MVPruner uses two-stage pruning to cut FLOPs 87% in multi-view driving VLMs while retaining 98.5% accuracy.

A machine-rendered reading of the paper's core claim, the machinery that carries it, and where it could break.

The paper establishes that multi-view vision-language models for autonomous driving suffer from long token sequences but can be accelerated by exploiting their built-in dynamic information needs and deeper-layer view priors. It introduces MVPruner to allocate pruning budgets first by each view's information diversity while keeping consistent tokens, then by instruction text for task alignment. This design directly addresses the limitations of fixed-rate and static pruning methods. If the approach holds, it enables substantial efficiency gains on benchmarks like DriveLM without meaningful accuracy loss. Readers would care because it makes these models viable for real-time vehicle perception.

Core claim

Multi-view VLMs encode task-related view priors in deeper layers and exhibit dynamic information requirements during inference. MVPruner addresses this with a two-stage adaptive token pruning method: the first stage allocates budgets based on per-view information diversity and retains tokens with consistent contribution across stages to preserve semantic capacity; the second stage allocates budgets and selects tokens guided by the instruction text to ensure task alignment.
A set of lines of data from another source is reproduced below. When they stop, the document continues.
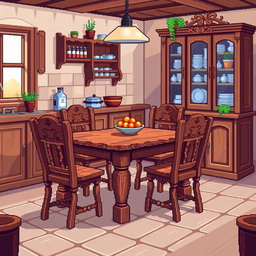 Pixel art illustration of wooden kitchen furniture, featuring a rustic wooden table with intricate carvings, matching wooden chairs, and a vintage wooden cabinet filled with colorful dishes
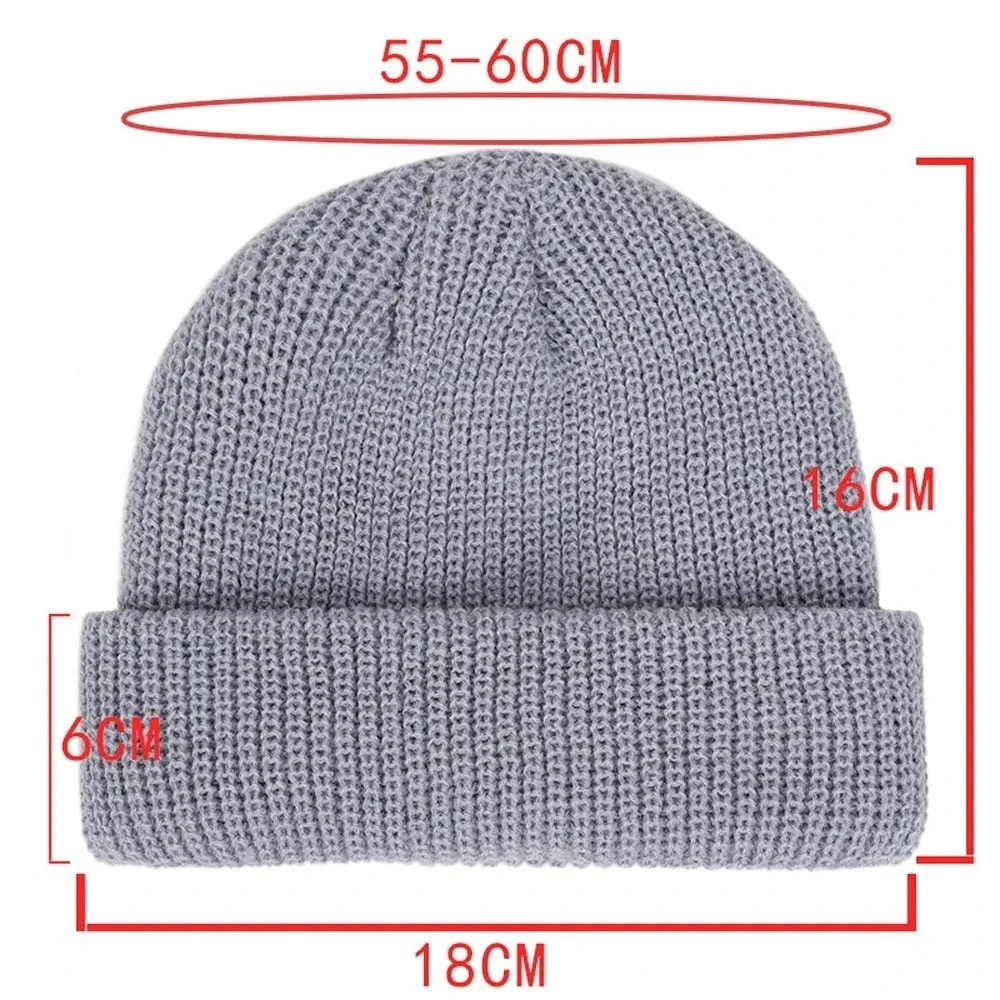 Mini Short Fisherman Beanie Hat Ribbed Docker Winter Warm Knitted Skull Cap cuff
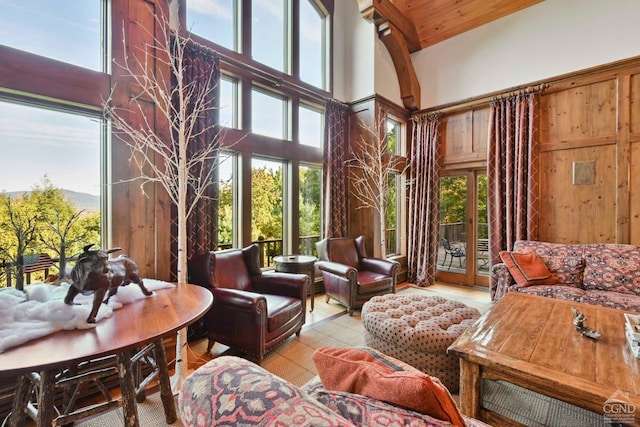 sunroom / solarium featuring wooden ceiling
On DriveMM this yields 87.3% FLOP reduction and 4.97x prefilling speedup while retaining 98.5% accuracy on DriveLM.

What carries the argument

Two-stage adaptive token pruning that first allocates budgets by view information diversity and retains consistent contributors, then applies instruction-guided selection for task alignment.

If this is right

  • DriveMM with MVPruner achieves 87.3% FLOP reduction and 4.97x prefilling speedup while retaining 98.5% accuracy on DriveLM.
  • The method outperforms fixed-rate and static pruning approaches on four benchmarks by adapting to inter-view differences.
  • Semantic representational capacity is preserved by retaining tokens with consistent contribution across stages.
  • Pruning aligns with the model's evolving information importance and deeper view priors.

Where Pith is reading between the lines

These are editorial extensions of the paper, not claims the author makes directly.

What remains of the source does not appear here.